Starting from the line with "2788 Ahşap Kuş", please copy exactly every line to the end of the listing, but not the pictures.

Extracted material section start

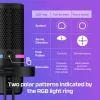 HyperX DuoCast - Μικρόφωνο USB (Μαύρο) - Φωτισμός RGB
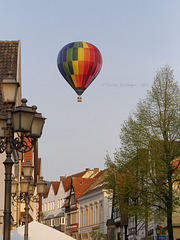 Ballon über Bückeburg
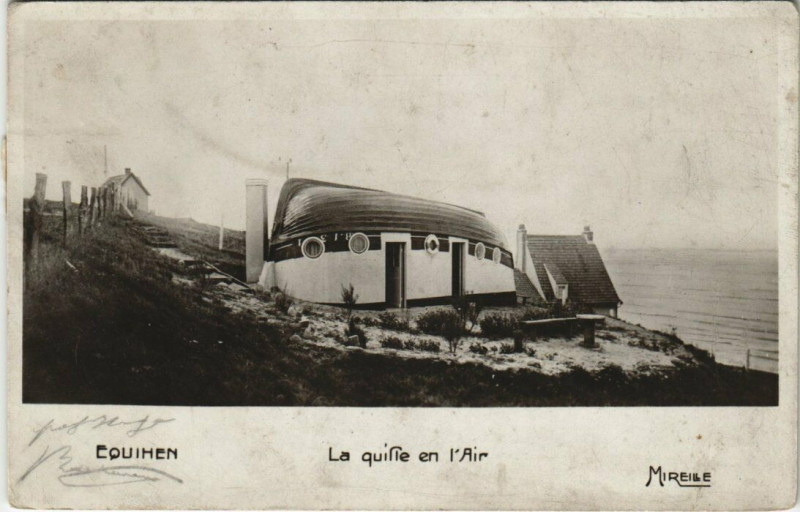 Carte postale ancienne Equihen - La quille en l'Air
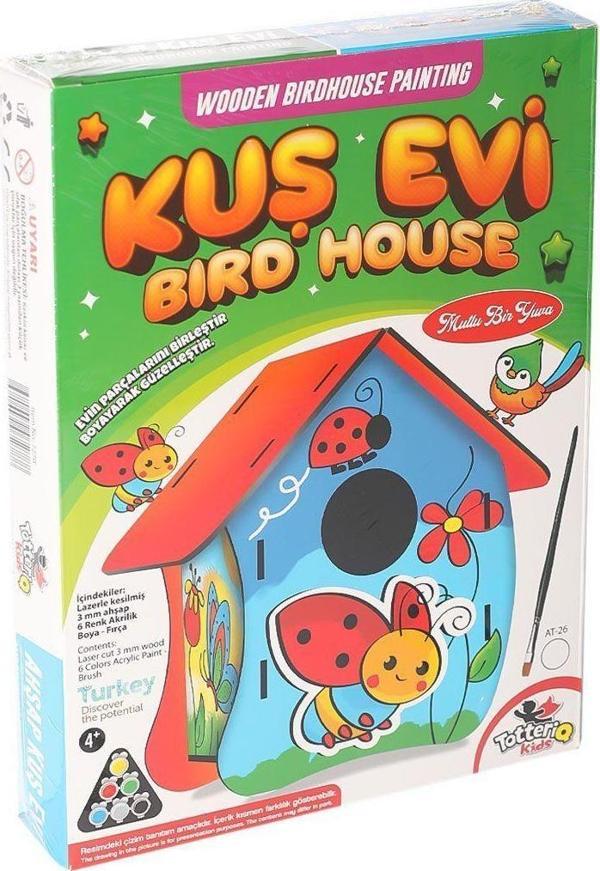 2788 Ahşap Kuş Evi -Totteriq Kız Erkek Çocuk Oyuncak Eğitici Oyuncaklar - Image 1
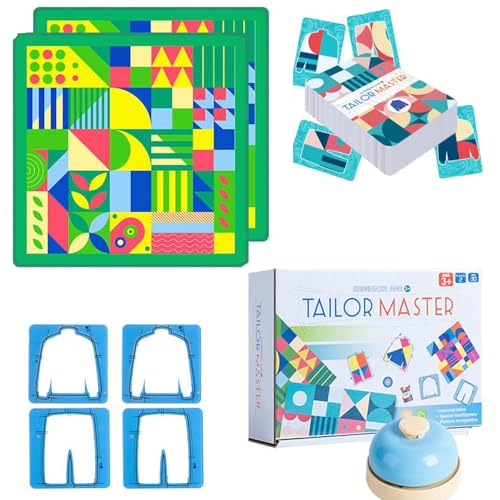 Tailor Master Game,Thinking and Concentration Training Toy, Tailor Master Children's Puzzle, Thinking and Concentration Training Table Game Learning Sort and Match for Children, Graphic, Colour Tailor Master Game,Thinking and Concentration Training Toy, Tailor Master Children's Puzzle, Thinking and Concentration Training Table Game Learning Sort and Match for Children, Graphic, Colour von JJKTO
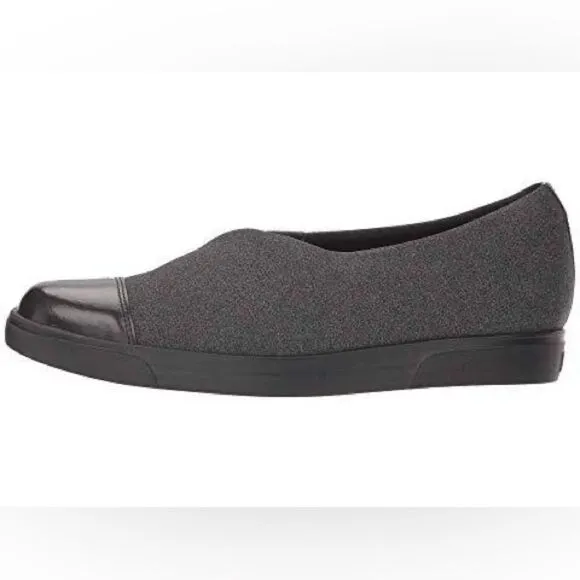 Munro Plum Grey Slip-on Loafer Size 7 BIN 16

Extracted material section end

**Answer to this exercise:**
 2788 Ahşap Kuş Evi -Totteriq Kız Erkek Çocuk Oyuncak Eğitici Oyuncaklar - Image 1
 Tailor Master Game,Thinking and Concentration Training Toy, Tailor Master Children's Puzzle, Thinking and Concentration Training Table Game Learning Sort and Match for Children, Graphic, Colour Tailor Master Game,Thinking and Concentration Training Toy, Tailor Master Children's Puzzle, Thinking and Concentration Training Table Game Learning Sort and Match for Children, Graphic, Colour von JJKTO
 Munro Plum Grey Slip-on Loafer Size 7 BIN 16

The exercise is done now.